Load Balancing

A load balancer sits in front of a pool of servers and decides where each incoming request should go. It is the keystone of horizontal scaling and a key piece of fault tolerance.

Why You Need One

Without a load balancer, clients must know about every server. New deployments break clients, dead servers strand traffic, and unequal load wastes capacity. With one, clients hit a single endpoint and the balancer hides the topology.

Algorithms

Round-robin sends each new request to the next server in a list. It is simple and works well when servers and requests are similar. The example shows 10 requests landing on 3 servers as a 4-3-3 split.

Least-connections sends to whichever server has the fewest active connections. This handles long-lived connections like WebSockets better than round-robin.

Weighted assigns a weight to each server. A server with weight 3 receives three times as many requests as one with weight 1. Useful when servers have different capacity.
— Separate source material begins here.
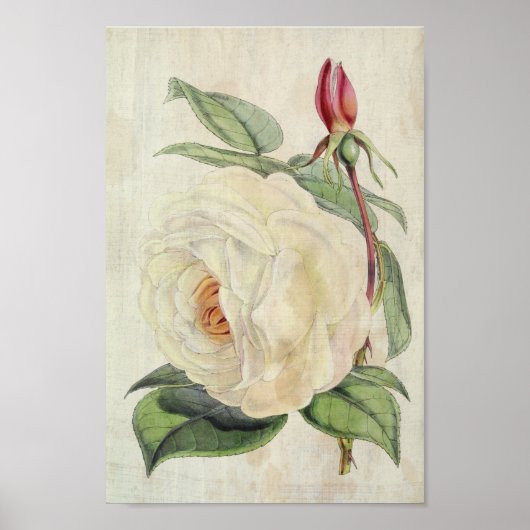 Vintage Roos botanisch President Poster (Voorkant)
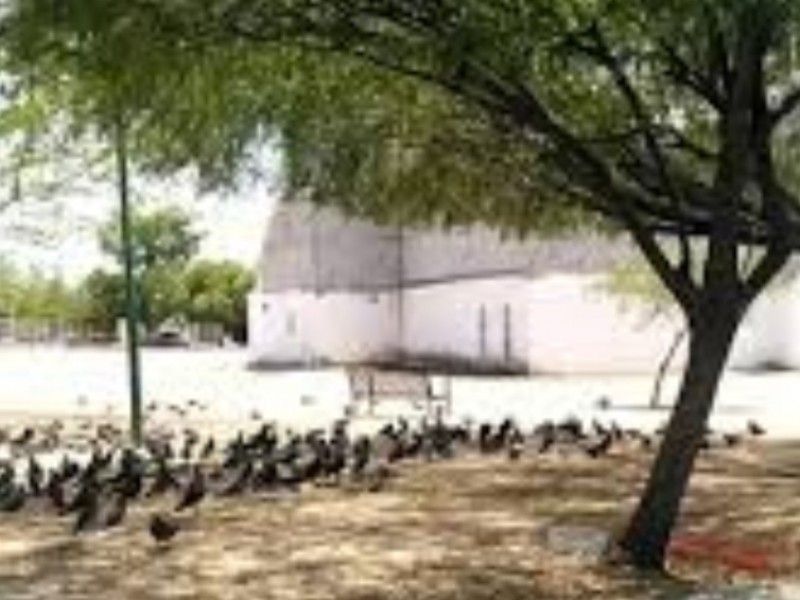 En Sonora arrestan a sujeto que atacó a policías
Hash-based maps a key like the client IP or user ID to a fixed server. This gives stickiness without storing session data on the balancer. Consistent hashing keeps most assignments stable when servers are added or removed.

Health Checks

A load balancer must avoid sending traffic to dead servers. It runs a health check by hitting each server periodically. If a check fails, the server is taken out of rotation. When checks pass again, traffic resumes. Good health checks test the actual code path, not just whether the process is running.

Layer 4 vs Layer 7

A layer 4 balancer routes by IP and port. It is fast and protocol-agnostic. A layer 7 balancer understands HTTP, so it can route based on URL, headers, or cookies, and it can terminate TLS. Most modern setups use layer 7.

Try It Yourself

Extend the example to a weighted round-robin where one server gets twice as much traffic.
Add a health check that marks a server as down after N failures.
Implement least-connections with a counter per server.